One advantage Republicans have is the widespread appeal of lower taxes. “I trust you to spend your money more wisely than the government” is a popular appeal, and Charlie Baker takes full advantage. Like Romney, Baker can claim a strong managerial background with his success in turning around Harvard Pilgrim Health Care. Baker’s censures of Patrick are not so much opposed to social welfare programs as to bad management. For example, when Patrick recently announced up to $800 million in potential budget cuts, the Boston Globe’s characterization of Baker’s critique was that what is needed is “a prudent budget that would better protect the most vulnerable.”

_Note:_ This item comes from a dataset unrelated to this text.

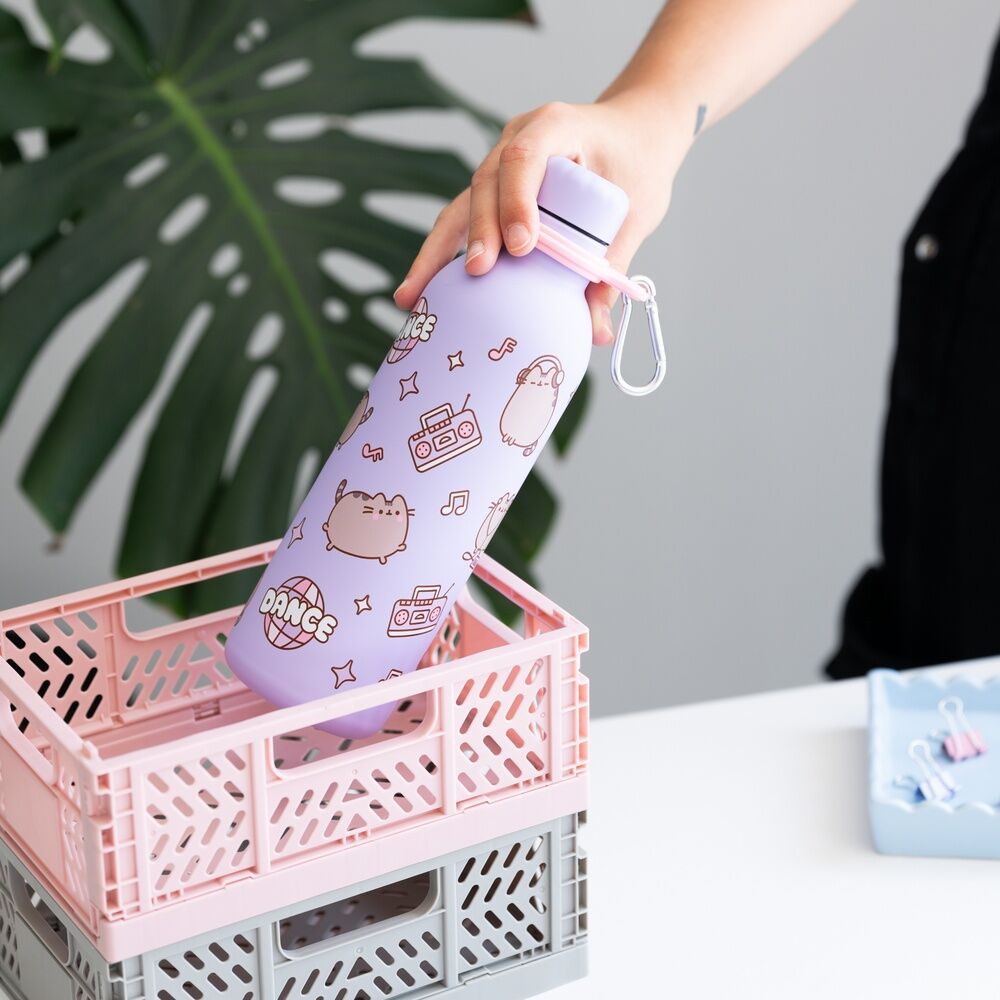 Botella Acero Inoxidable Moments Pusheen 500ml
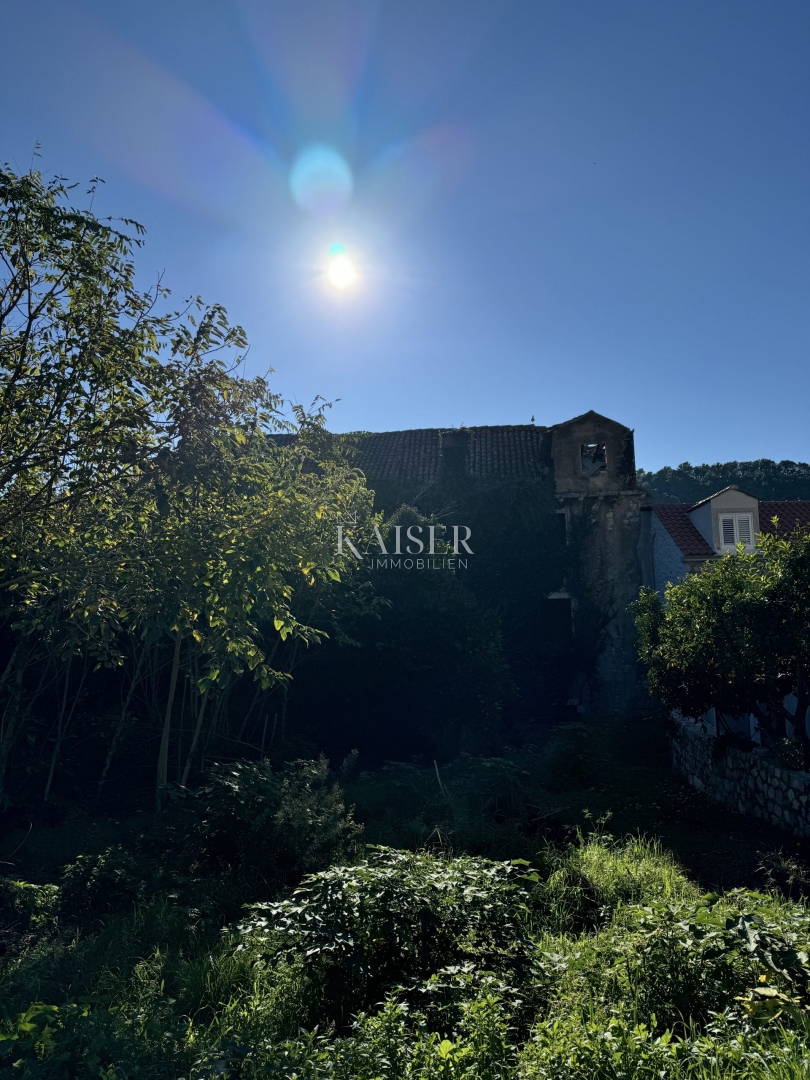 Palazzo storico a Sipanska Luka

Yet Cahill has strengths with workers and yeomen. His heritage and tack to the right give him a leg up with white, ethnic Catholics estranged from the Democratic Party. There are still a lot of voters in this state who like the idea of a pol that can get their kid a summer job, and Cahill might be their answer. Tea Party yeomen wearing T-shirts that say “Let me keep my wealth—redistribute my work ethic” are a likely target. According to a Rasmussen poll released in late June, 15 percent of Massachusetts voters consider themselves to be part of the Tea Party movement.
Scott Brown found a ready fandom on conservative talk radio and even sports talk radio. Years ago, when Celtics coach Rick Pitino was undergoing bitter disparagement from callers to sports radio shows, he lashed back, dubbing them “the fellowship of the miserable.” Unhappy they may be, but also politically potent. Brown won rebellious working class voters—another positive for Cahill.So here’s what voters have to choose from: a communitarian alert to managers’ concerns (Patrick); a manager who concedes a role for government action (Baker); and an independent who criticizes government for doing too much, with workers and yeomen in his sights (Cahill). The winner of this year’s race for governor will be the candidate who builds a winning coalition from Litt’s political cultures.
Maurice Cunningham is an associate professor of political science at the University of Massachusetts Boston.